*** Opening Given data ***

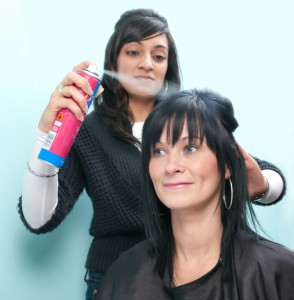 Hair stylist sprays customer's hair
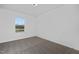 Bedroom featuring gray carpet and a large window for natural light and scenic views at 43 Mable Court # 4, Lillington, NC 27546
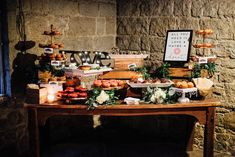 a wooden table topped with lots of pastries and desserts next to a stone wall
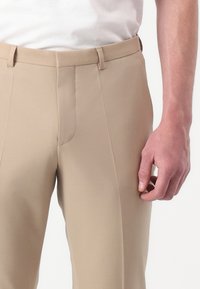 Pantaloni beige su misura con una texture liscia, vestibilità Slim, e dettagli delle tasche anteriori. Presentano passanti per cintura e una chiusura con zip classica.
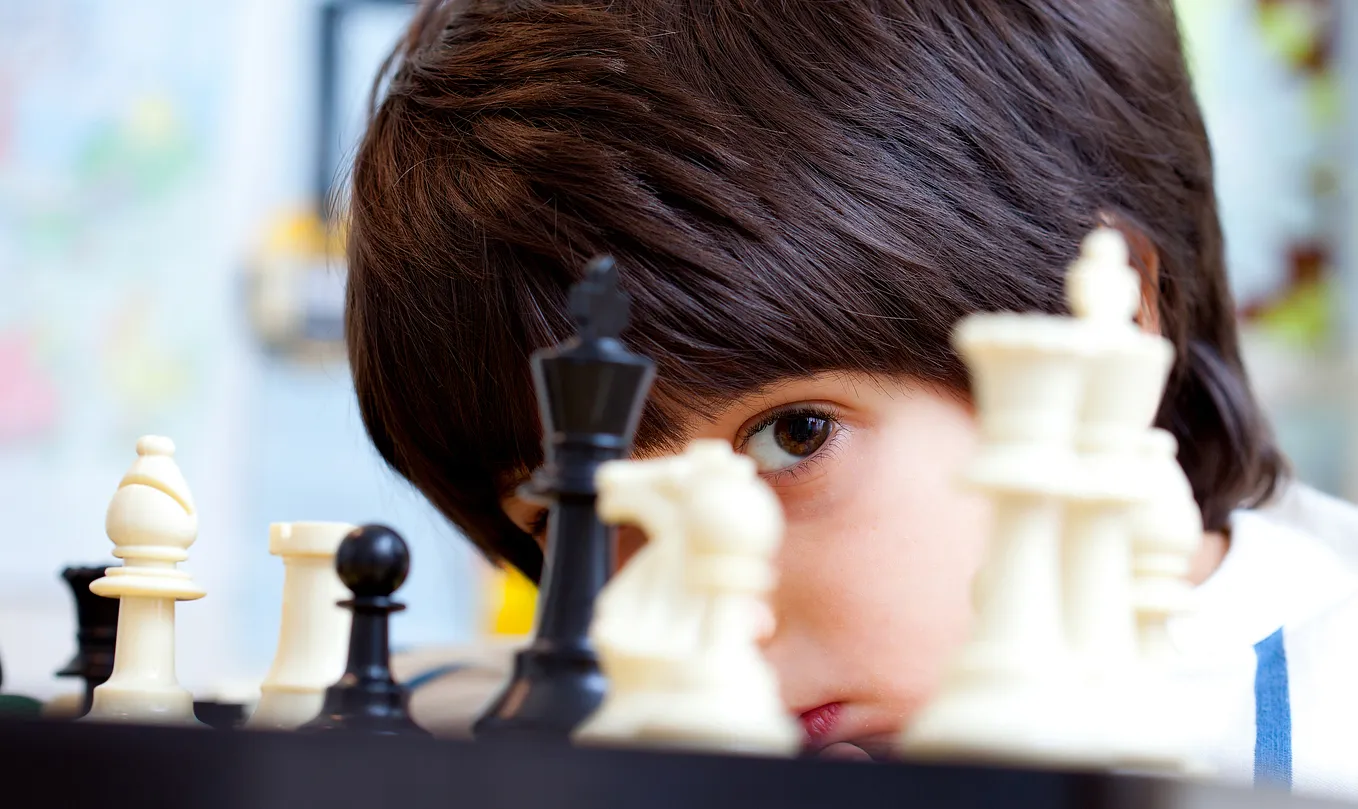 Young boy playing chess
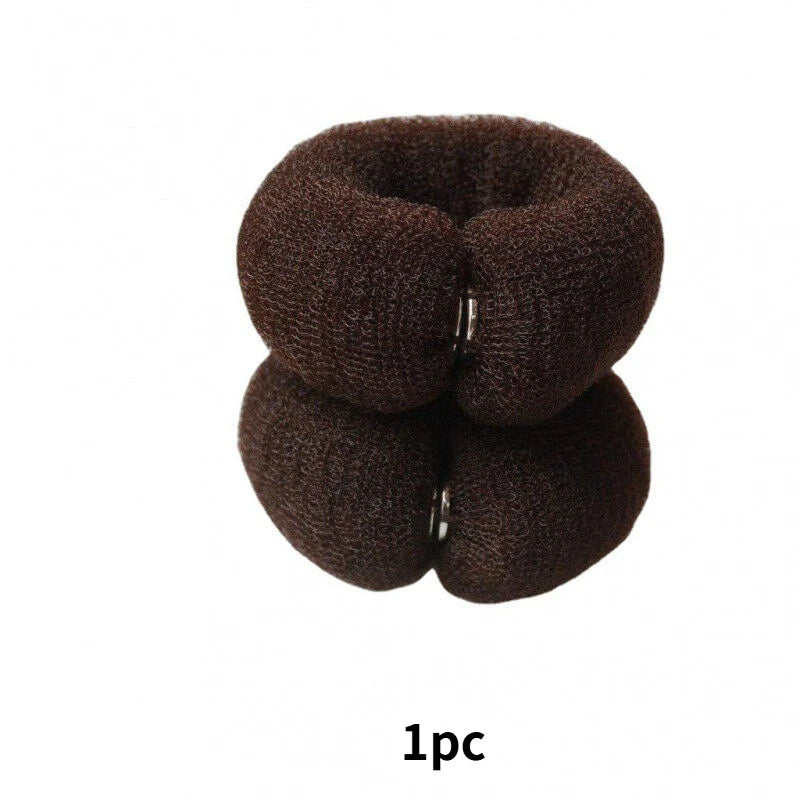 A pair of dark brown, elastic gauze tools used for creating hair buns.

*** Closing Given data ***

» **Action item**: Could you copy, exactly and with no pictures, each line from the first one above to the line holding "Young boy playing chess"?

» **Solution to this exercise**:
 Hair stylist sprays customer's hair
 Bedroom featuring gray carpet and a large window for natural light and scenic views at 43 Mable Court # 4, Lillington, NC 27546
 a wooden table topped with lots of pastries and desserts next to a stone wall
 Pantaloni beige su misura con una texture liscia, vestibilità Slim, e dettagli delle tasche anteriori. Presentano passanti per cintura e una chiusura con zip classica.
 Young boy playing chess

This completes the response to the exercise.